Private developer Amdec is about to break ground on the first phase of a R14bn property development in Cape Town that is arguably the most ambitious to be built in the Mother City since the V&A Waterfront.

Taking a bet on an economic recovery in SA over the next few years, Amdec, which developed Melrose Arch in Johannesburg, is trying to repeat its success in Cape Town with its new development, Harbour Arch, about 4km from the waterfront.

The City of Cape Town’s municipal planning tribunal (MPT) last week approved the development, which aims to compete with the waterfront for residential tenants. The waterfront, valued at nearly R20bn, is SA’s most-valued commercial asset.

Amdec CEO James Wilson said on Wednesday it will take 10 years to construct Harbour Arch, which will include six towers and for which 13,000 people will be employed directly during construction.

The multi-use Harbour Arch is set to be built on a 5.8ha site that was formerly owned by Transnet. It is located on the corners of  Heerengracht Road and Christiaan Barnard Street.

“We are creating a live, work and play new urban precinct for the Mother City which will compete with the likes of the V&A,” said Wilson.

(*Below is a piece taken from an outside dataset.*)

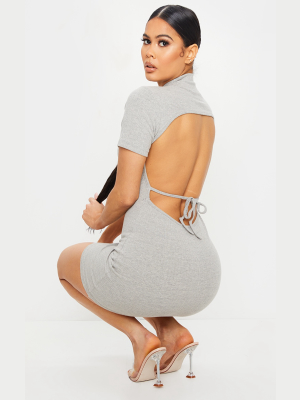 Grey Thick Rib Short Sleeve Open Back Bodycon...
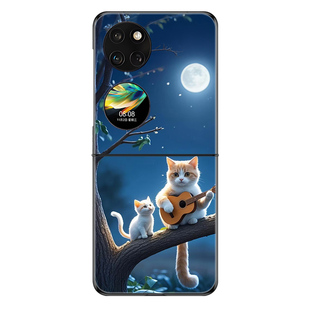 适用华为P50Pocket手机壳PocketS折叠屏Pocket2新款防摔护套文艺小猫玩吉他可爱个性创意网红高级感硬壳男女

Evan Robins, listed property portfolio manager at Old Mutual Investment Group, said Amdec's decision to pull the trigger now may be perceived as bad timing.

“It's very tough to develop in this flat economy, but if they manage to pull it off to the specifications they want, they may succeed in a very big way. This mega development, which probably is the biggest in the city since the V&A, could be a success. But sometimes these things flop,” he said.

A rendering of the planned Harbour Arch mixed-used precinct in Cape Town. Picture: SUPPLIED
A rendering of the planned Harbour Arch mixed-used precinct in Cape Town. Picture: SUPPLIED

Wilson said Harbour Arch was an example of how some large businesses still had faith in a struggling SA economy.

Initially Harbour Arch was set to be a 198,000m² office-focused development, but Amdec later decided it would succeed as a residential development supported by bespoke retail.

But the residential focus has drawn the ire of non-profit organisation Ndifuna Ukwazi, which argues that by having no inclusionary housing component it misses out on an opportunity to help tackle Cape Town’s affordable housing crisis.

Ndifuna Ukwazi says the development will reinforce the city centre as an exclusionary space.

In response to Ndifuna Ukwazi’s objection that Harbour Arch would be exclusionary, Amdec said it would build 1,000 affordable housing units offsite in the suburb of Ottery, 18km away.